4. Verifying the Setup
Verify the setup by accessing Memgraph Lab at http://localhost:3000 or using mgconsole via Docker:
Now that everything is set up, you can interact with Claude Desktop to analyze the mule account network. Here are example queries you can try:
Example 1: Find All High-Risk Accounts
Ask Claude:
Show me all accounts owned by people with high or critical risk scores in Memgraph
Claude will query Memgraph and return results showing the suspicious accounts (ACC003, ACC004, ACC005, ACC006, ACC007), filtering out the 50+ noise accounts.
Example 2: Identify Transaction Patterns
Ask Claude:
Find all accounts that received money from ACC006 within a 24-hour period. Show the transaction amounts and timestamps.
Claude will identify the three mule accounts (ACC003, ACC004, ACC005) that received similar amounts in quick succession.
Example 3: Trace Money Flow
Ask Claude:
Trace the flow of money from ACC007 through the network. Show me the complete transaction path.
Claude will visualize the path: ACC007 -> ACC006 -> [ACC003, ACC004, ACC005], revealing the laundering pattern.
Example 4: Calculate Total Funds
Ask Claude:
Calculate the total amount of money that flowed through ACC006 in September 2024
Claude will aggregate all incoming and outgoing transactions for the controller account.
Example 5: Find Rapid Withdrawal Patterns
Ask Claude:
Find accounts where money was withdrawn within 48 hours of being deposited. What are the amounts and account holders?

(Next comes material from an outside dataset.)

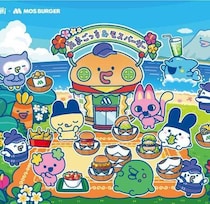 モスバーガー×たまごっち第2弾！限定おまけ全4種がモスワイワイセットに登場♡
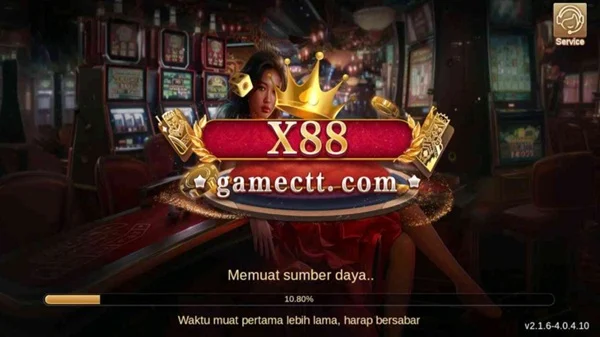 Tangkapan layar X88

This reveals the classic mule account behavior of quick cash extraction.
Example 6: Network Analysis
Ask Claude:
Show me all accounts that have transaction relationships with ACC006. Create a visualization of this network.
Claude will generate a graph showing the controller account at the center with connections to both the source and mule accounts.
Example 7: Risk Assessment
Ask Claude:
Which accounts have received flagged transactions totaling more than $15,000? List them by total amount.
This helps identify which mule accounts have processed the most illicit funds.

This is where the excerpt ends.